#### Task directions
Write every line of the material again exactly, with no pictures in the copy.

#### Provided data
*** Begin section ***

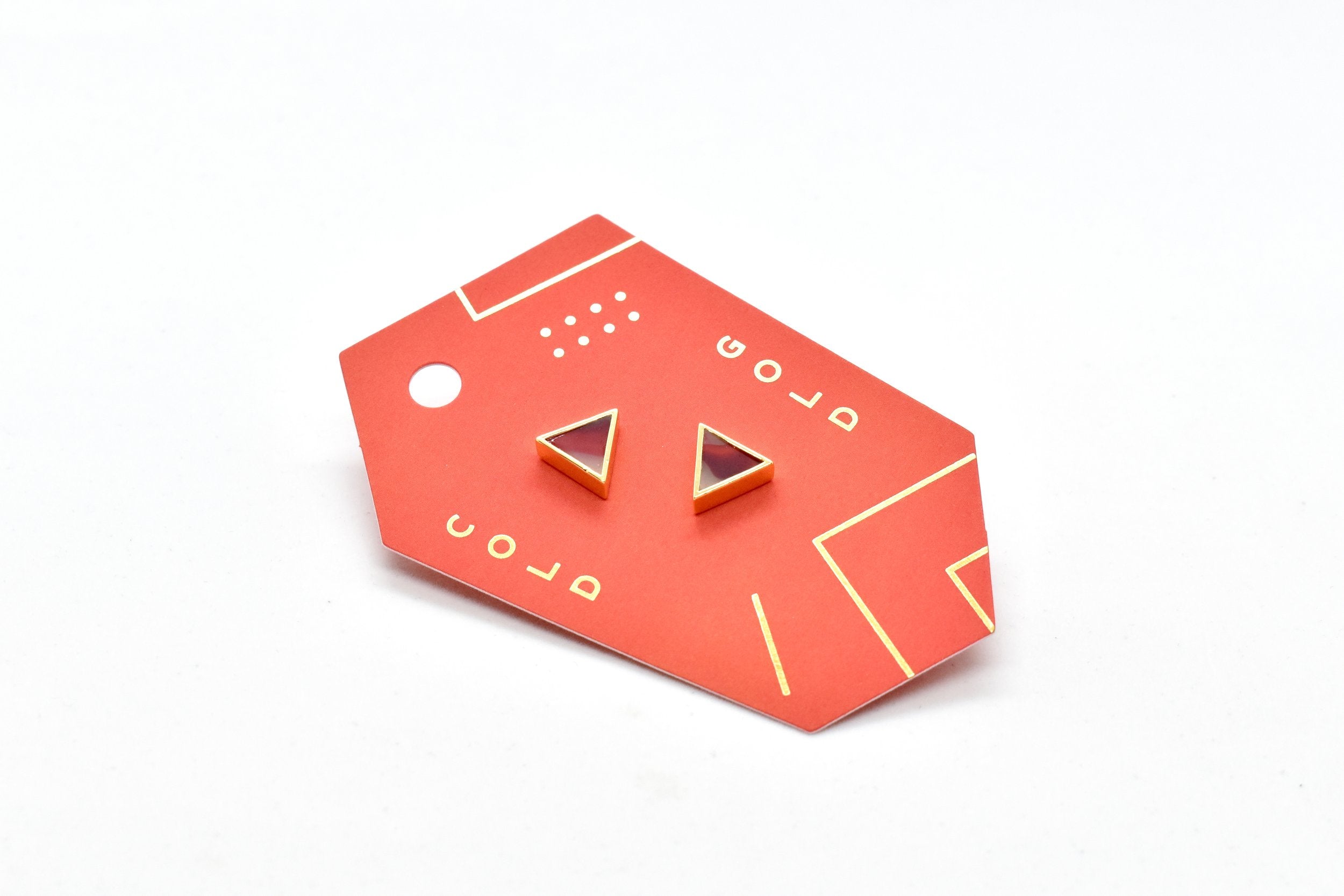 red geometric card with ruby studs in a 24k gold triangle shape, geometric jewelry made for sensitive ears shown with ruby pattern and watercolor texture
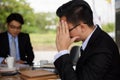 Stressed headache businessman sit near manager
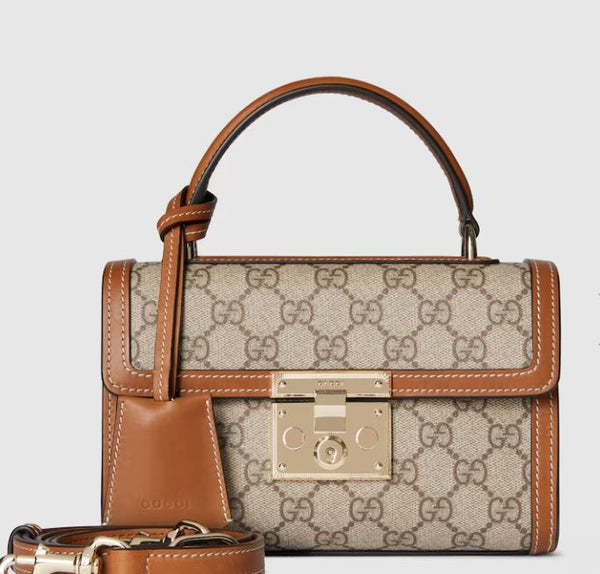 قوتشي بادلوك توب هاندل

*** End section ***

#### Answer box
 red geometric card with ruby studs in a 24k gold triangle shape, geometric jewelry made for sensitive ears shown with ruby pattern and watercolor texture
 Stressed headache businessman sit near manager
 قوتشي بادلوك توب هاندل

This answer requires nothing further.